Hungarian George Mikes: “On the continent, if people are waiting at a bus-stop they loiter around in a seemingly vague fashion. When the bus arrives they make a dash for it … An Englishman, even if he is alone, forms an orderly queue of one.’

Kate Fox notes : “Where there is an ambiguity, such as the ‘two cashiers at one counter’ problem …we often simply resolve it of our own accord, silently and without fuss – in this case by forming a single orderly queue, a few feet back from the counter, so that the customer at the front can step forward whenever one of the cashiers becomes free. We also often form these scrupulously fair single queues when buying tickets from a row of machines. …many of the foreign visitors I interviewed regard these processes with open-mouthed amazement. Bill Bryson comments glowingly on exactly the same typical queuing scenario in his book about England.

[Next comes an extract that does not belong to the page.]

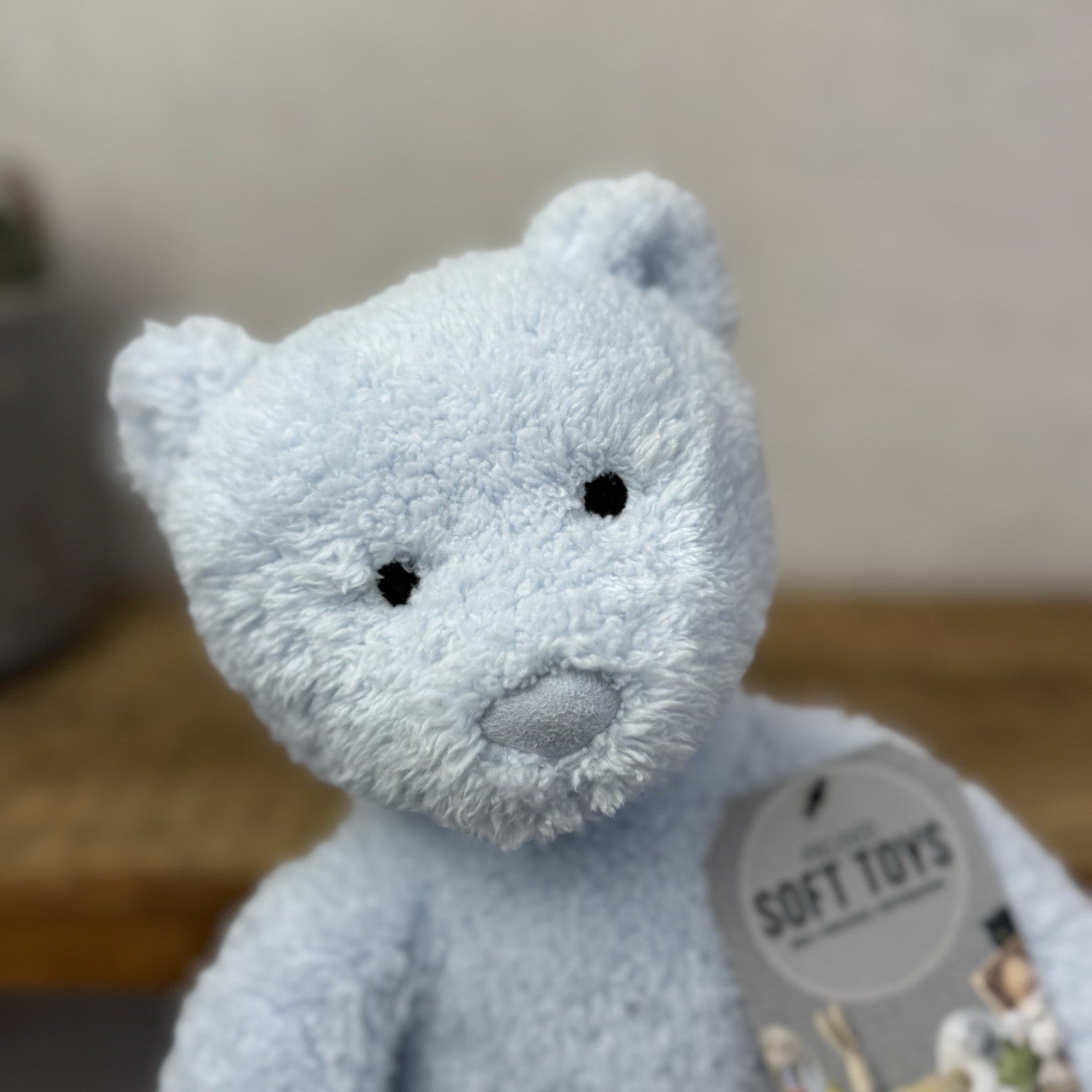 Jellycat Blue Bebe Bear - Little Jellycat Soft Fleecy Blue Baby Bear Plush Rare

And of queue jumping: “Paradoxically, it is only in England, where queue-jumping is regarded as deeply immoral, that the queue-jumper is likely to get away with the offence. We huff and puff and scowl and mutter and seethe with righteous indignation, but only rarely do we actually speak up and tell the jumper to go to the back of the queue.

Fair play?

George Mikes:  ‘A man in a queue is a fair man; he is minding his own business; he lives and lets live; he gives the other fellow a chance; he practises a duty while waiting to practise his own rights; he does almost everything an Englishman believes in doing.’

Social awkwardness is key

Here’s the theory I like – a chronic and  national social awkwardness; Kate Fox’s ‘social dis-ease’.  The English do not like to stand out, or get in the way, we will avoid confrontation – unless we are on a hen party or stag night of course.  That means being scrupulously fair. This in turn makes queue jumping in any form an ethical issue. And what do you need to avoid queue jumping? Paradoxically, you need a queue. So that you can’t be accused of jumping it.